Give again every line from the one with "301 Kings Ave — Photo 3" through the last line of the data, exactly, and leave out the lines before it.

*** Opening GIVEN INFORMATION ***

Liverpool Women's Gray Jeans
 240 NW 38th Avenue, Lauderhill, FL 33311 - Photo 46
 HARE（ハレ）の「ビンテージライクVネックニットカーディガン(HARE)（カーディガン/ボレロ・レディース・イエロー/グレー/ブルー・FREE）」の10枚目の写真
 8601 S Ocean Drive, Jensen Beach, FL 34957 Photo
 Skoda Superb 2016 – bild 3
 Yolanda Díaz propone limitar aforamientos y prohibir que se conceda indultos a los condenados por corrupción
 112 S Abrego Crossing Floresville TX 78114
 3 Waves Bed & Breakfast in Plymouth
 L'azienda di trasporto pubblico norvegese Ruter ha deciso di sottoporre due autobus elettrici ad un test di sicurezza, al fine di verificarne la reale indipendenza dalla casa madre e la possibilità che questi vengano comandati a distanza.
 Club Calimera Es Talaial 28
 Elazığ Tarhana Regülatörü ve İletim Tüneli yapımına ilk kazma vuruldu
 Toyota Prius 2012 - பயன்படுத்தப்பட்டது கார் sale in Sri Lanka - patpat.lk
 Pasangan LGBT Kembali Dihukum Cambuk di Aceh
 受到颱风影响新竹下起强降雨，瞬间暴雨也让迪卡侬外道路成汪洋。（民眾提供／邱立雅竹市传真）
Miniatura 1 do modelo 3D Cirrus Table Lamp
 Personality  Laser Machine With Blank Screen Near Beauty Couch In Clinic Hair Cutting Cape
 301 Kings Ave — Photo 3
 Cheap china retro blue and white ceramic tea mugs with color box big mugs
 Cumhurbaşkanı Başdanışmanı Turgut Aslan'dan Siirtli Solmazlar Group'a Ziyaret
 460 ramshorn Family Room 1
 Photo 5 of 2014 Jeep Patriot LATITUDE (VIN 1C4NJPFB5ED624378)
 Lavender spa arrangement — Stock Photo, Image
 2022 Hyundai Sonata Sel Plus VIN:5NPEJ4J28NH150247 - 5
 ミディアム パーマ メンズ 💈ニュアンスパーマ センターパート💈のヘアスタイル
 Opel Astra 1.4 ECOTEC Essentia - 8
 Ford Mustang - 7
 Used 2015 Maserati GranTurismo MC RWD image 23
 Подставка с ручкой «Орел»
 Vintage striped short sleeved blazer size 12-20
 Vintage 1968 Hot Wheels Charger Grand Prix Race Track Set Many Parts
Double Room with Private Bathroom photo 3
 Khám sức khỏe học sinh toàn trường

*** Closing GIVEN INFORMATION ***

TASK RESPONSE:
 301 Kings Ave — Photo 3
 Cheap china retro blue and white ceramic tea mugs with color box big mugs
 Cumhurbaşkanı Başdanışmanı Turgut Aslan'dan Siirtli Solmazlar Group'a Ziyaret
 460 ramshorn Family Room 1
 Photo 5 of 2014 Jeep Patriot LATITUDE (VIN 1C4NJPFB5ED624378)
 Lavender spa arrangement — Stock Photo, Image
 2022 Hyundai Sonata Sel Plus VIN:5NPEJ4J28NH150247 - 5
 ミディアム パーマ メンズ 💈ニュアンスパーマ センターパート💈のヘアスタイル
 Opel Astra 1.4 ECOTEC Essentia - 8
 Ford Mustang - 7
 Used 2015 Maserati GranTurismo MC RWD image 23
 Подставка с ручкой «Орел»
 Vintage striped short sleeved blazer size 12-20
 Vintage 1968 Hot Wheels Charger Grand Prix Race Track Set Many Parts
Double Room with Private Bathroom photo 3
 Khám sức khỏe học sinh toàn trường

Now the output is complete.